(Short text fragments from websites)

-- Opening Marker --

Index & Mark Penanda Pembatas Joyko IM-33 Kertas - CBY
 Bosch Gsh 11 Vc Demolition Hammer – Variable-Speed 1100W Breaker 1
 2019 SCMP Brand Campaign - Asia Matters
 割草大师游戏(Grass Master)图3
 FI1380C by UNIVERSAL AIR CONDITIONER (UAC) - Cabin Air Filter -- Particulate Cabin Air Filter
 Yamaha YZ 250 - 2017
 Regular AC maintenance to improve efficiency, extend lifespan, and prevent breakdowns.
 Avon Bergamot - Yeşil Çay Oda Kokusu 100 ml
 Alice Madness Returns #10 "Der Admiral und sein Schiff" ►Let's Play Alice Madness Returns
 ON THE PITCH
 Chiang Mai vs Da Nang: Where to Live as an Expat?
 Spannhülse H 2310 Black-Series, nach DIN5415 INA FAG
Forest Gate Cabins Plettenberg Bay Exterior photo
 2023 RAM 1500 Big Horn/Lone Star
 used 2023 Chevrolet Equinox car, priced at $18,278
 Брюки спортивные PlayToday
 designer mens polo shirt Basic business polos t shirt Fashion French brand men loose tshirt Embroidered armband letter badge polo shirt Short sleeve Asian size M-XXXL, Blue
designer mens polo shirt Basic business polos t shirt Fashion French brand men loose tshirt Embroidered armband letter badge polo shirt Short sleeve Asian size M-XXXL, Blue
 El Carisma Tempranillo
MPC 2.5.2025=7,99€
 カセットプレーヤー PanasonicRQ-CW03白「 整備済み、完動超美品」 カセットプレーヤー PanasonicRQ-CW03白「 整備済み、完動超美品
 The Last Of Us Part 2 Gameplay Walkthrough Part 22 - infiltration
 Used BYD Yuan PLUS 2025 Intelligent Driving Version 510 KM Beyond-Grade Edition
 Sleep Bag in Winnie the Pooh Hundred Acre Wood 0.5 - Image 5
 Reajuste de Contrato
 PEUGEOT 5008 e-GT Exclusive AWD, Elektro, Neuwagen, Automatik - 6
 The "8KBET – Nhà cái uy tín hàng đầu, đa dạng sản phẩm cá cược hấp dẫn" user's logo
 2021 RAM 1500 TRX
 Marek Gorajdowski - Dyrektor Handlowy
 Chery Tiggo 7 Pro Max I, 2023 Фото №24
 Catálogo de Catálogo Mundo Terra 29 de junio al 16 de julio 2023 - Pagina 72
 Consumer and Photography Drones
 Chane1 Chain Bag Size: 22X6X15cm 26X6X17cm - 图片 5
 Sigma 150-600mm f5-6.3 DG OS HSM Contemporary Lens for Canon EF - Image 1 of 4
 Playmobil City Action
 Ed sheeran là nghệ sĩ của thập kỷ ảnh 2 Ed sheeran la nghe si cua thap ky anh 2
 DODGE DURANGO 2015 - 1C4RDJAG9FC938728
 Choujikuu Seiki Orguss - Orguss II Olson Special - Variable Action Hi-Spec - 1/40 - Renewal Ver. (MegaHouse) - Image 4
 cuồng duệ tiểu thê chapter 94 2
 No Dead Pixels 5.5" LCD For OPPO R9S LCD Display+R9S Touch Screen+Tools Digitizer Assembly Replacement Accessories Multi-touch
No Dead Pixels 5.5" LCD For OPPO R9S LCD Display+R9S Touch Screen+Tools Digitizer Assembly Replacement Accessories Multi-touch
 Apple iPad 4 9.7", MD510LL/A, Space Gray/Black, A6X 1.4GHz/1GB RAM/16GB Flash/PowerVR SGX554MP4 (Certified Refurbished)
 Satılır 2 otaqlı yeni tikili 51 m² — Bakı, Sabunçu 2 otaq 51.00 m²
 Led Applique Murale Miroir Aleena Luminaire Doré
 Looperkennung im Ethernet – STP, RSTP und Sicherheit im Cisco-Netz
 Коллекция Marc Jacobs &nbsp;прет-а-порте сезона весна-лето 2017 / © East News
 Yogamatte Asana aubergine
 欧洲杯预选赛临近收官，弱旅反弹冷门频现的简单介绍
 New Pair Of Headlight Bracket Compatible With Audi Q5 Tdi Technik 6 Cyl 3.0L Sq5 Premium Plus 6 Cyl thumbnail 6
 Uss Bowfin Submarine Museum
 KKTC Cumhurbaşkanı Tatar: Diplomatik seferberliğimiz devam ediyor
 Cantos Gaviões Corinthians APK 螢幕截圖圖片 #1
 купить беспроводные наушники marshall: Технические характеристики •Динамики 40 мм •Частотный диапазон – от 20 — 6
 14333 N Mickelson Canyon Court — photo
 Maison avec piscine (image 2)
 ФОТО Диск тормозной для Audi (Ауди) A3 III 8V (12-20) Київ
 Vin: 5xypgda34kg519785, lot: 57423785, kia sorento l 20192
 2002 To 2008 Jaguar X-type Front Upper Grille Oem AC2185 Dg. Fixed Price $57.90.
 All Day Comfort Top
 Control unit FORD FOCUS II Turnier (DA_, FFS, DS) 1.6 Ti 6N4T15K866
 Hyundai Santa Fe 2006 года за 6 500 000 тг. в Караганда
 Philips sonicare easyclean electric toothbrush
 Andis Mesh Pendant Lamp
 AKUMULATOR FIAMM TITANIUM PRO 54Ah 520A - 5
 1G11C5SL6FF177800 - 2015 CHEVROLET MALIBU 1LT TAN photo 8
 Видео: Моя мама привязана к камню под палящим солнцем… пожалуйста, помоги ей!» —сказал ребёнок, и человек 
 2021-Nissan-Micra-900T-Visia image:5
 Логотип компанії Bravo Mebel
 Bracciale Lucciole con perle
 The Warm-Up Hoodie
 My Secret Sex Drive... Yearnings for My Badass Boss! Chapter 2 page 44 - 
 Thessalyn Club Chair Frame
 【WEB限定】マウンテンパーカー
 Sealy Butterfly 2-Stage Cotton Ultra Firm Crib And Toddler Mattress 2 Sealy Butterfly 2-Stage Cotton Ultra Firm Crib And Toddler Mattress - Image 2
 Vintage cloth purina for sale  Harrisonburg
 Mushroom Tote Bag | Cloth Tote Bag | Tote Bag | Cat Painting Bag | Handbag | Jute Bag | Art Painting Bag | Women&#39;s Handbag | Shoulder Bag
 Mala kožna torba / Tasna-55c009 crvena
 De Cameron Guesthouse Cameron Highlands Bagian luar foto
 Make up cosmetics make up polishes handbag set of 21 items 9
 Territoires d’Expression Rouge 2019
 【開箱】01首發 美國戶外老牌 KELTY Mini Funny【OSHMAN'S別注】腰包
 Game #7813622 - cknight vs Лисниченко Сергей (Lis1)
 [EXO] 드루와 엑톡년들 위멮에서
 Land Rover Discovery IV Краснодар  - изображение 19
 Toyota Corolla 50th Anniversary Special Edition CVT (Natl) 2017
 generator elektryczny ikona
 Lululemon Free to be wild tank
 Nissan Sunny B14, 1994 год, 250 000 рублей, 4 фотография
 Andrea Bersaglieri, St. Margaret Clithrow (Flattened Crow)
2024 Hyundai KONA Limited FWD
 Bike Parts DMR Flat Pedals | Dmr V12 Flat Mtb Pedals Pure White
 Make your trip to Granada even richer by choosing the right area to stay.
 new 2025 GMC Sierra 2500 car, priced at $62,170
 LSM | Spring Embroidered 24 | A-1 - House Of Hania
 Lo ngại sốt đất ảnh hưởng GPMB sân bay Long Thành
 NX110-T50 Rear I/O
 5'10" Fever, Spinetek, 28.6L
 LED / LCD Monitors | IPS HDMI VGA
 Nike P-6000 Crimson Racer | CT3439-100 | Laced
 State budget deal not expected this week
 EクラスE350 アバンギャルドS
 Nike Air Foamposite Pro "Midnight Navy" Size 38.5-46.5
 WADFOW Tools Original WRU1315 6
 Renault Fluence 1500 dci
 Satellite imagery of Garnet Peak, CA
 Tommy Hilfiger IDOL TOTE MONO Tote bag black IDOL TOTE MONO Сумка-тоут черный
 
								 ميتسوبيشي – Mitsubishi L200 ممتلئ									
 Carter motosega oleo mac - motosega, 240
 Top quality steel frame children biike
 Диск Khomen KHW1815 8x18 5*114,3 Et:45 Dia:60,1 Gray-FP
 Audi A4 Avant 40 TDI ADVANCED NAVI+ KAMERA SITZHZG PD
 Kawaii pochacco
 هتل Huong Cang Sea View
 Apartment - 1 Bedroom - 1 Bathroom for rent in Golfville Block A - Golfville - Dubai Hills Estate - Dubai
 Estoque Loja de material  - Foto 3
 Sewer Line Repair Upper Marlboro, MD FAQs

-- Closing Marker --

*Task instructions:* Copy only this part of the entries above: the line with "Vintage cloth purina", the line with "Lululemon Free to be wild tank", and the lines between, all exactly as written.

*Your response:*
 Vintage cloth purina for sale  Harrisonburg
 Mushroom Tote Bag | Cloth Tote Bag | Tote Bag | Cat Painting Bag | Handbag | Jute Bag | Art Painting Bag | Women&#39;s Handbag | Shoulder Bag
 Mala kožna torba / Tasna-55c009 crvena
 De Cameron Guesthouse Cameron Highlands Bagian luar foto
 Make up cosmetics make up polishes handbag set of 21 items 9
 Territoires d’Expression Rouge 2019
 【開箱】01首發 美國戶外老牌 KELTY Mini Funny【OSHMAN'S別注】腰包
 Game #7813622 - cknight vs Лисниченко Сергей (Lis1)
 [EXO] 드루와 엑톡년들 위멮에서
 Land Rover Discovery IV Краснодар  - изображение 19
 Toyota Corolla 50th Anniversary Special Edition CVT (Natl) 2017
 generator elektryczny ikona
 Lululemon Free to be wild tank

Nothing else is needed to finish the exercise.